As illustrated in FIG. 1, a known liquid crystal display comprises display pixels (units) and thin film transistors (TFTs) for controlling display data loading, wherein the thin film transistor is generally of a bottom gate structure (gate of the thin film transistor under the semiconductor layer) comprising: a substrate 1, on which a gate metal layer 2, a gate insulating layer 3, a semiconductor layer 4 and a source-drain electrode layer 5 are disposed in this order from bottom to top; a display pixel comprises a common electrode 6, a passivation layer 8, a pixel electrode 7 and liquid crystal (on the pixel electrode 7, not shown in drawings) disposed on the passivation layer 8. The pixel electrode 7 is connected to a drain of the thin film transistor, the common electrode 6 is connected to the common electrode line 9, the pixel electrode 7 loads display data through the TFT, a driving electric field is generated between the common electrode 6 and the pixel electrode 7 and liquid crystal molecules rotate under the action of this driving electric field to display images.

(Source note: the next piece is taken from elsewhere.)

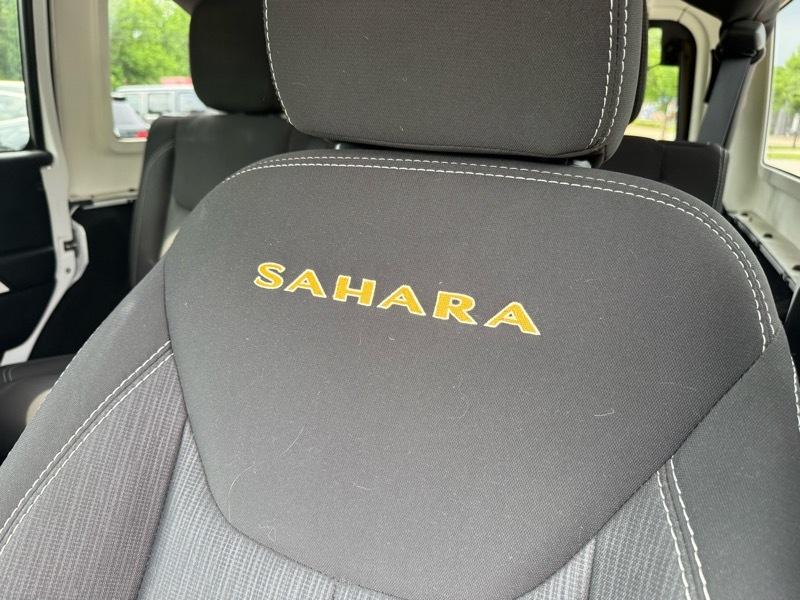 Jeep Wrangler Unlimited Sahara 4WD 2015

With the TFT of bottom gate structure, the gate metal layer 2 blocks light emitted from the backlight source on the array substrate side, while exterior light (entering from the color filter substrate side) is blocked by the black matrix BM. The inventor found out however, when the color filter substrate and the array substrate are in misalignment, or when there is any failures in process of manufacturing the array substrate, the semiconductor layer tends to be exposed. Then TFTs' leakage current increase abnormally due to the irradiation of exterior light. As a result, the liquid crystal display encounters display defectiveness such as becoming greenish and non-uniform gray scale (X-talk).

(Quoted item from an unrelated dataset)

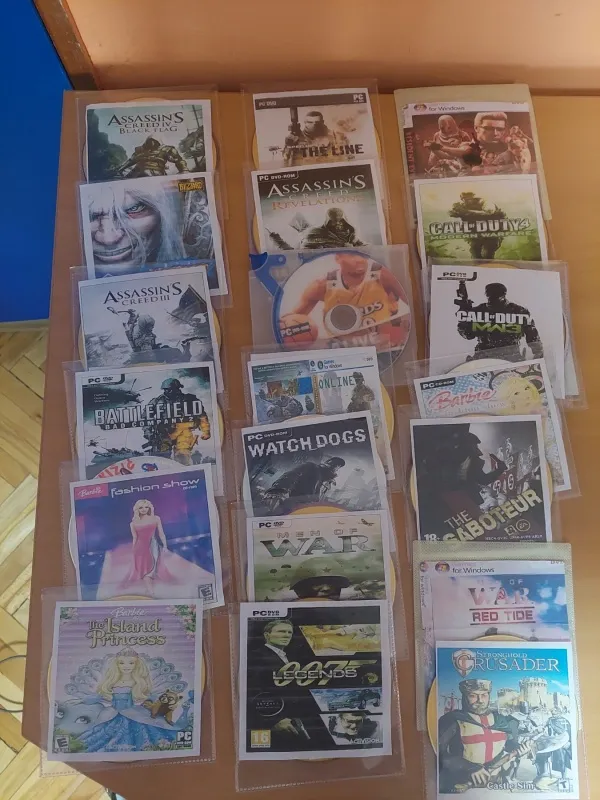 Prodajem kolekciju od 50 igrica za PC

In addition, for liquid crystal displays, particularly high resolution products, it is required to reduce resistance of common electrode, otherwise delay occurs due to the too big resistance of common electrode, and display defectiveness such as becoming greenish and non-uniform gray scale (X-talk) are likely to occur, thereby influencing the picture quality. However, if the line width of common electrode is increased to reduce resistance of common electrode, the aperture ratio will become smaller.